NOMO

Invisible Cities

(Ubiquity; 2009)

By Joel Elliott | 29 June 2009

I initially dismissed New Tones (2006) wholesale. While it might have been presumptuous of me, I maintain that the album was a rather naïve, overly-literal transposition of Afrobeat. It sounded almost too much like Fela Kuti to actually have been born out of the original scene; too much like Ann Arbor kids idealizing an African paradise that no longer exists and probably never did. Kuti without the seething political anger, or if you will, Konono No. 1 without the asphalt distortion.

Invisible Cities is part of a change which started with last year’s Ghost Rock. I wouldn’t say they’ve gotten dirtier, since everything’s still in bright prismatic colours, and their music will probably always represent a form of escapism from what I can only imagine is a rather uninspiring Detroit suburb.

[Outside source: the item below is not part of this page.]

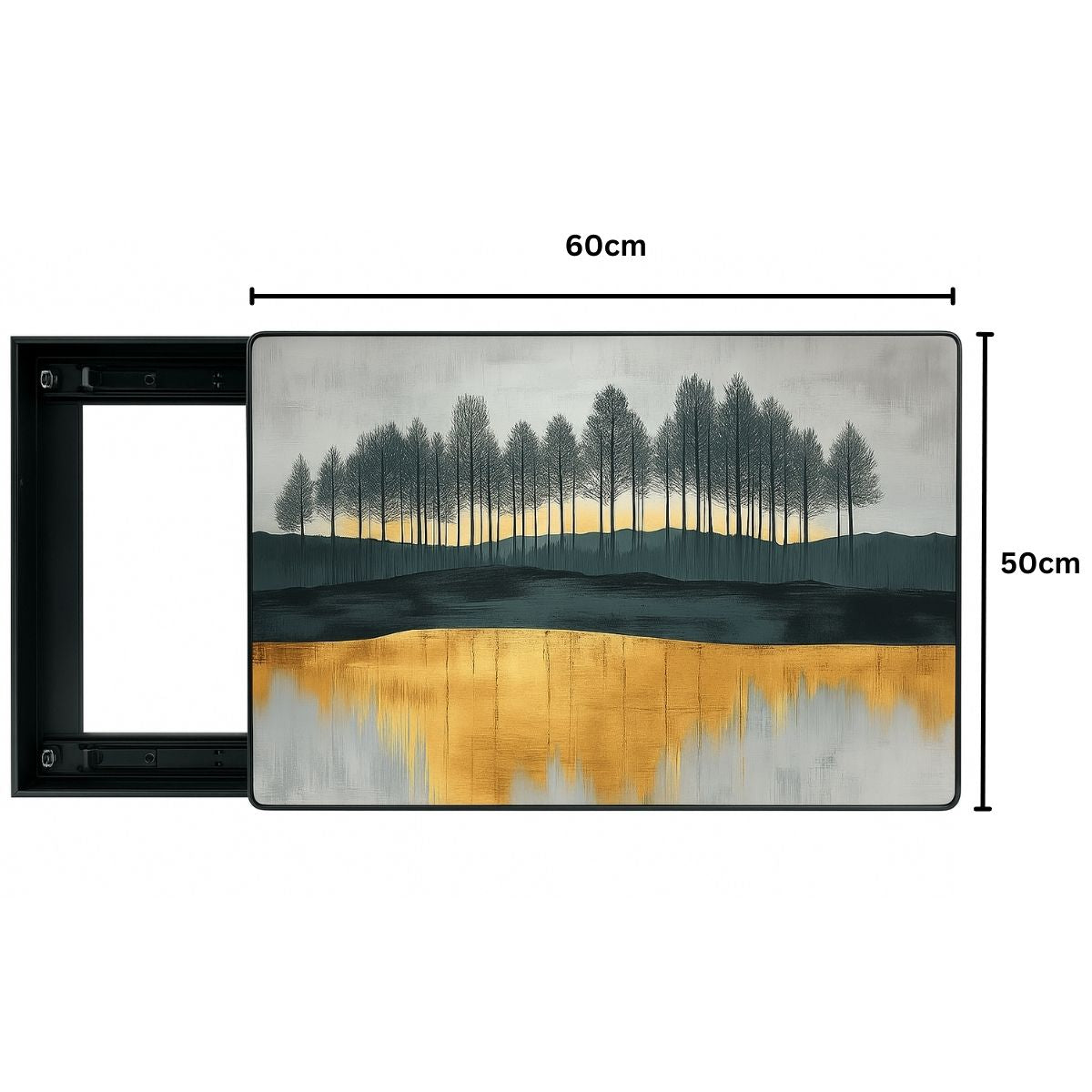 Capac tablou pentru contor electric, Naimeed D7306, mascare tablou electric, design modern si elegant, 50x60x2.8 cm, rama neagra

The title alone at least admits to as much, suggesting they’re reaching towards abstraction rather than evocation of any specific time or place. So, while previously they seemed almost obnoxious in an overly-cheery third grade teacher way, here they’re a lot deeper and more introspective.

The band is becoming, depending on how you look at it, either more like a classic jazz group—solos twisting well beyond the compact call-and-answer of formulaic Afrobeat—or something like a more world music-friendly Tortoise. Both are positive developments, creating a dense wall of horns and home-made percussion that seems more liberated by the beat than enslaved by it, as has sometimes been the case in previous outings.

But for all the diffracting and almost ambient excursions, there’s still stuff like the cover of Moondog’s “Bumbo,” which could easily be the funnest thing in their catalogue. Don’t get me wrong, that melody’s going to sound good in almost any situation—due to the fail-proof strategy of taking a basic three or four note ascending melody and making it gradually more complex as it’s repeated. But Nomo take that strategy and extend it across the whole track, starting with light polyrhythmic percussion and the simplest bass line ever then exploding it over the course of three minutes into a tower of free jazz; the saxes and trumpets no longer content to wait for each other to finish. For once, the Art Ensemble of Chicago and Sun Ra comparisons that have sometimes attached themselves to NOMO seem justified. Like those bands, they’ve finally realized how to take a basic idea and take it apart without losing forward momentum.

I think the difference for Invisible Cities though is really in the lighter moments. A non-stop onslaught of Afrobeat can be exhausting—which may be why Kuti tended to keep it to 30 minute sprints—so some dynamic shifts are welcome. Here we get “Ma,” where NOMO show off their newly constructed kalimba’s made from street-sweeper tines which, for whatever reason, seem to help the dull sound the instruments often have even when amplified, giving the band some much-needed edge. Subtle recording techniques yield massive results—which always seems to be the case for bands that have a pretty identifiable sound and rely heavily on rhythm. See the chorus put on the sax in the middle of the opening title track, a spacey Pink Floyd-type effect that makes the whole thing both laid-back and energetic at the same time.

But it’s “Banners on High” that’s the most convincing argument that NOMO deserve a “post-rock” tag, whatever that means at this point. It’s one of those gorgeous, ethereal tomes where you’re destined, as a listener, to give up picking out the individual instruments, as if they’re all just playing on the edge of some core of sound. For once the saxes drift dreamily in the background, and it’s easily the most staggering thing production-wise I’ve heard from them. That’s followed by “Elijah,” which is kind of the flip-side, all crashing percussion and stately wind instruments. But also, zero beat (gasp!), a bold move that aims to show the band can send up the ol’ geezer in a chariot without resting comfortably in a groove.

It’s shouldn’t be surprising that so little development would occur on an album that’s been mostly touted as the leftovers from the Ghost Rock sessions. It’s also what keeps it from being an out-and-out classic, since the difference between the two albums is (understandably) only subtle. It’s still my favorite record of the two, perhaps evidence that the band are only gradually letting go of the Afrobeat cornerstone that they held on to so tightly in their early days.